Can you guys help me out with solving the following problems.

Here is the problem 1 that I wanted to prove:

Let M: H--> H be diagonalizable (H vector space and W subspace of H). W is M- invariant. Prove that the restriction of M to W is daigonalizable and that T:M/W-->M/W is diagonalizable (note: M/W means M quotient W and not restriction of M to W, i.e the quotient space).

Problem 2:

Let M: H--> H has n distinct eigenvalues (note: dimension of H is n).

Let U: H-->H commute with M. show that U is diagonalizable?

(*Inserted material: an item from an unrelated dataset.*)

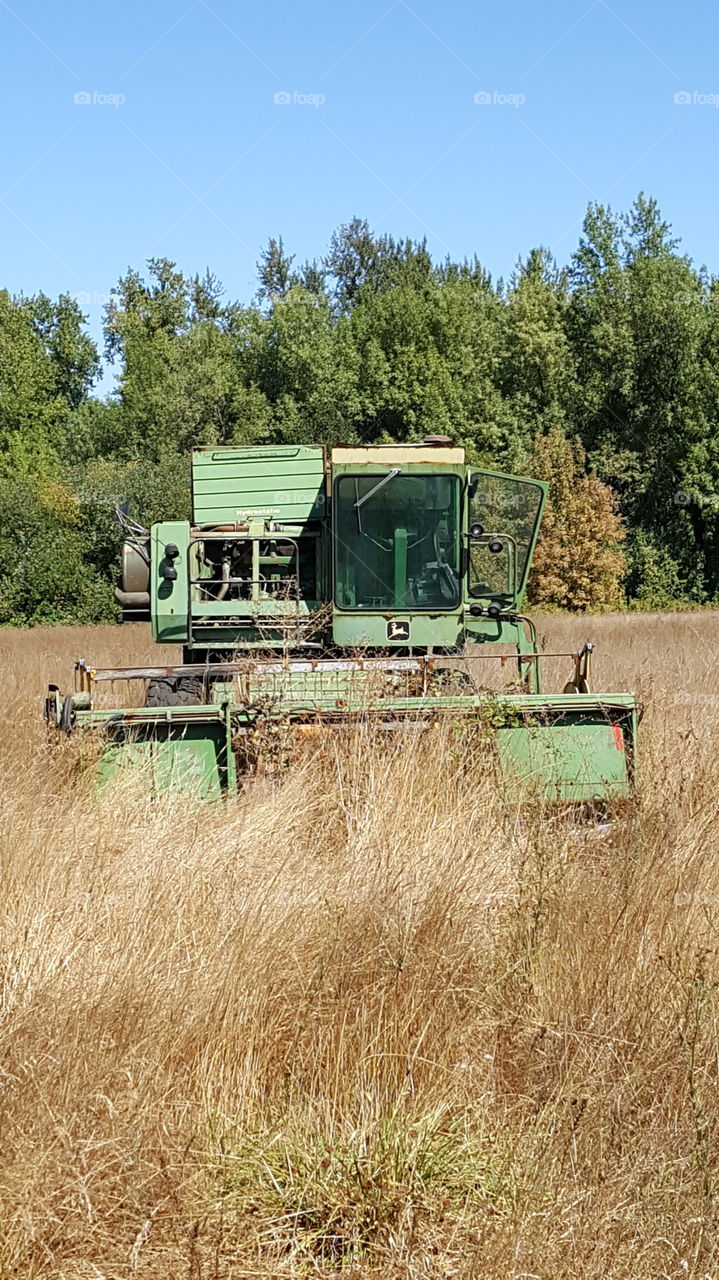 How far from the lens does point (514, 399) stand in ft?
149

It depends how much you know.

It's easy for example to show that if $\displaystyle m_1,m_2,m_3$ are the minimal polynomials for $\displaystyle H\to H$, $\displaystyle W\to W$, and $\displaystyle M/W\to M/W$ respectively, then $\displaystyle m_2,m_3\mid m_1$. The conclusion pretty much follows then from the fact that a linear operator $\displaystyle T:V\to V$ where $\displaystyle V$ is a $\displaystyle F$-space is diagonalizable if and only if $\displaystyle m_T$ splits over $\displaystyle F$ into distinct linear factors.

You can use the same theorem for part two. Namely, since the characteristic polynomial $\displaystyle p_M$ splits into linear factors and its minimal polynomial $\displaystyle m_M$ divides $\displaystyle p_M$ it must split into linear factors.

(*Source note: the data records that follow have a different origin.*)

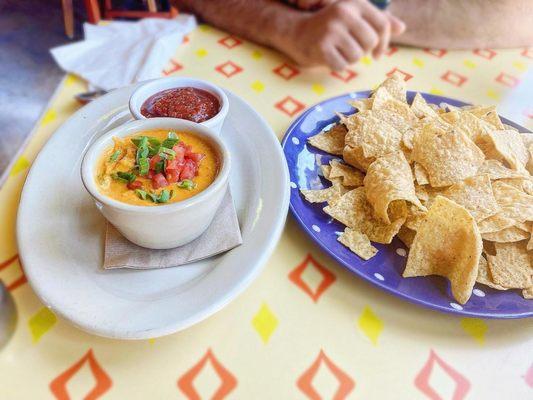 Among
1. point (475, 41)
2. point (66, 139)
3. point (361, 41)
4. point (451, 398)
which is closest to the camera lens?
point (451, 398)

What do you think for the last part?

Re: prove: restriction of an operator to invariant subspace is diagolizable?

Thanks a lot Drexel28

I am still not confused on how you figured out that m2, m3 divides m1, and how can we use that fact to answer our problem. Can you, please, elaborate more?

Re: prove: restriction of an operator to invariant subspace is diagolizable?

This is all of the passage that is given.